12th February. Five pigs spotted today! At least one was a sow.




And then it all went very quiet. This is what I think happened. The pigs weren't unwanted pets. They had not been abandoned by a breeder. They most likely belonged to a near neighbour of the lady who first contacted us. It seems they had simply escaped from a poorly fenced paddock and were happily exploring the surrounding countryside. The lady, let's call her Suzie, approached the likely pig-owner and he said that they couldn't possibly be his pigs as he counted them every night and they were all present and correct. I'd guess that if he had been counting them during the day the roll-call would have shown a few absentees. Since Suzie called with him the pigs have not been seen.  So I reckon he is keeping them indoors. Poor little pigs. They must have been having the time of their lives exploring the surrounding townlands.

It brings to mind that Van Morrison song.

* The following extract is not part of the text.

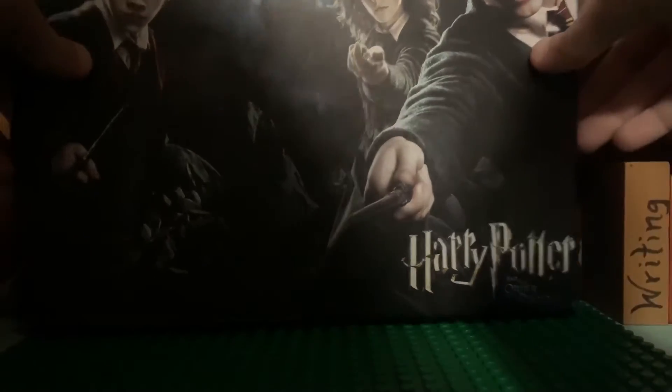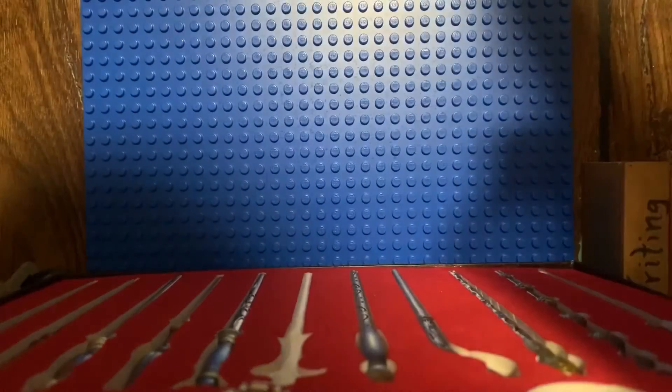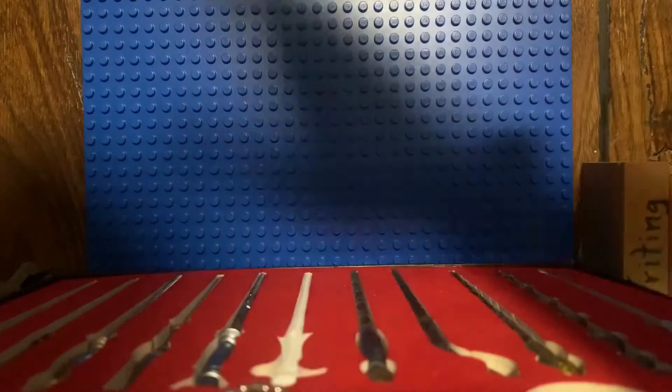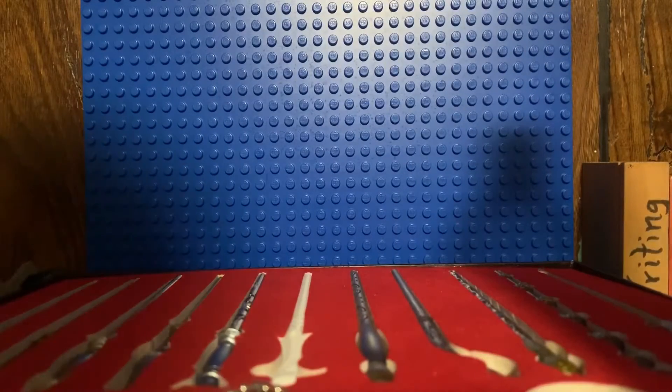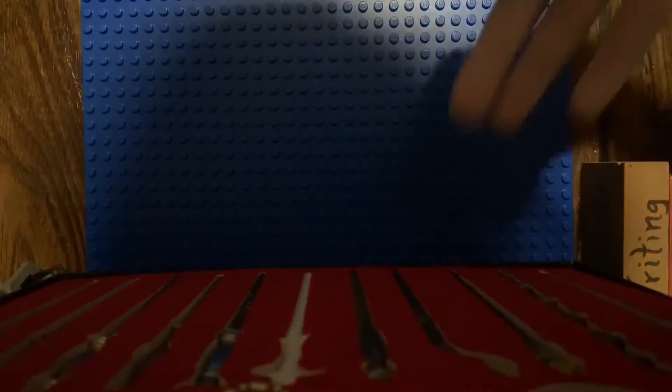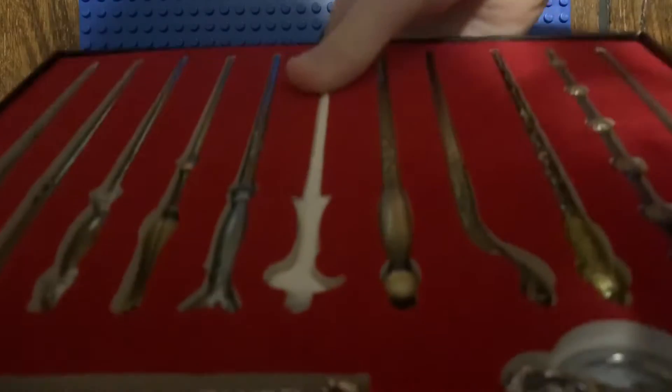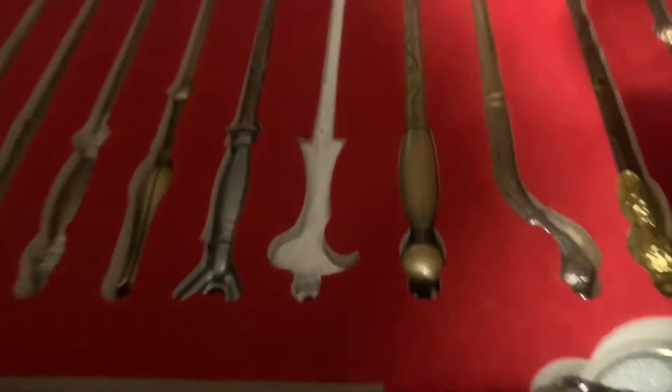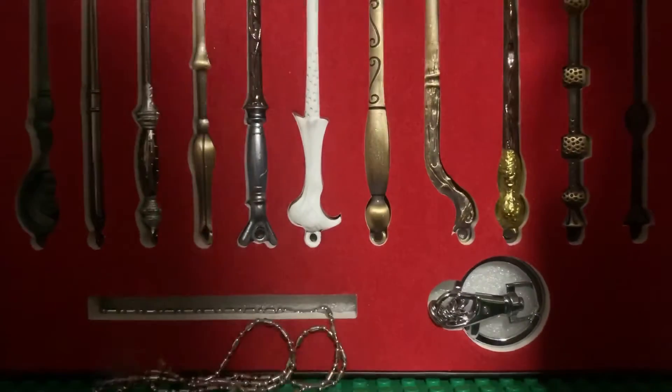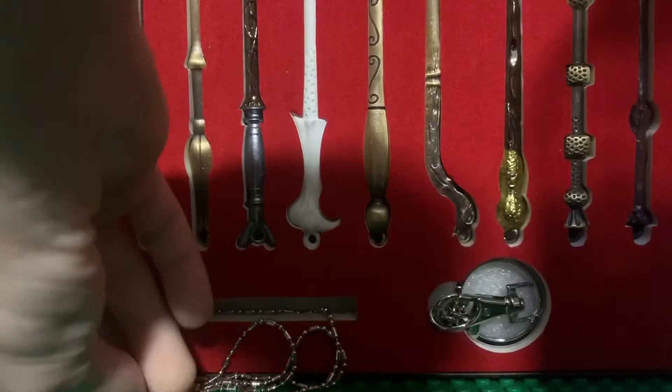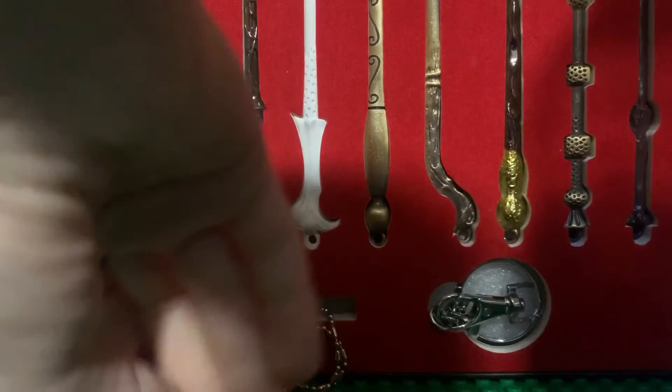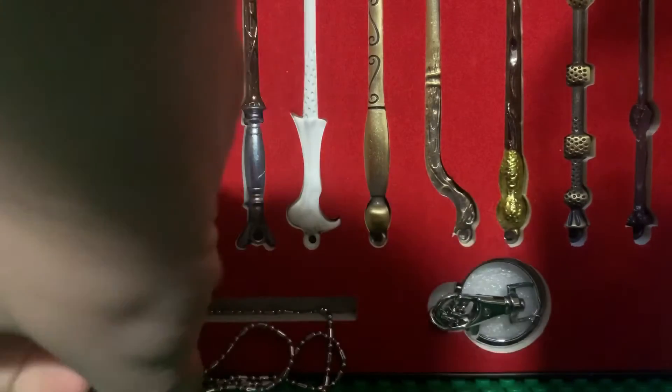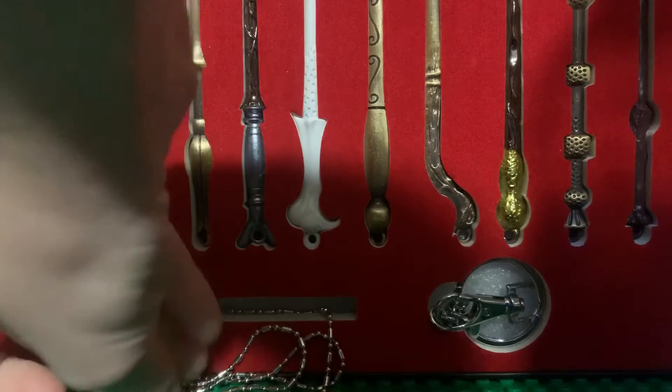I'm just going to open this up. Sliding it open. There are, I'm pretty sure I counted right, 11 wands in this. So it does come with stuff to wear it as a keychain or necklace, which already just fell out. And some nice velvet lining. I'm just going to take this out because it's really annoying.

When it's nobody's business the way that you want to live
I just have to remember there'll be days like this 

Sunday, February 15, 2015

Crazy Jack and the Chickpeas


So, after I cleaned my grubby spice rack the next spot to tackle was the store cupboard. While there were no unpleasant surprises in the larder there were some elderly dried goods such as an unopened 2kg bag of chickpeas older than Martha. The cupboard was crammed with chickpeas both dried and tinned and obviously we never eat them except for that time Bert took a great notion of making hummus. The 2kg bag will be used as animal feed and I'll have to hoke out that hummus recipe for Bert.

The oldest item in the cupboard was the organic brown rice. If that packet of unopened brown rice were a child it would be at secondary school by now. What kind of idiot lets packets of food sit on her shelves for endless years? What type of deluded fool keeps buying chickpeas and then has them languish in her cupboard for over a decade? If it were another person with a store of ancient food in their pantries I'd call that person a food hoarder.



If anyone has any delicious recipes where chickpeas are one of the main ingredient please let me know.

Friday, February 13, 2015

Smoked Paprika Weevil


I decided to give my spice rack a long overdue cull. I remember Katy buying the smoked paprika for a chicken dish she prepared for her Northern Irish friends shortly before her wedding. It didn't seem that long ago but when I think of it, Miss Martha was actually a babe in arms and she is in her sixth year now.


That was a great evening. Delicious food, good company and the best of craic.  And nearly five years ago. That smoked paprika definitely was up for review. I opened it, sniffed it. Hardly any aroma. Much as I expected. But what was that? A grain of rice? A grain of rice that wriggled? It was a grub. I called Bert in to see. You should keep that, he said. See what it turns into.

No thanks! I don't think I want to see the kind of creature that pupates in hot pepper. Seems devilish. I sieved the paprika to see if there were any more. There wasn't. I took a photograph then flung the larva into the yard. See how it manages in a cold, wet, Irish February far away from its beloved paprika.

Naturally I Googled this and apparently it is not uncommon to find larvae in old paprika. It is actually best to keep it in the fridge. Who knew?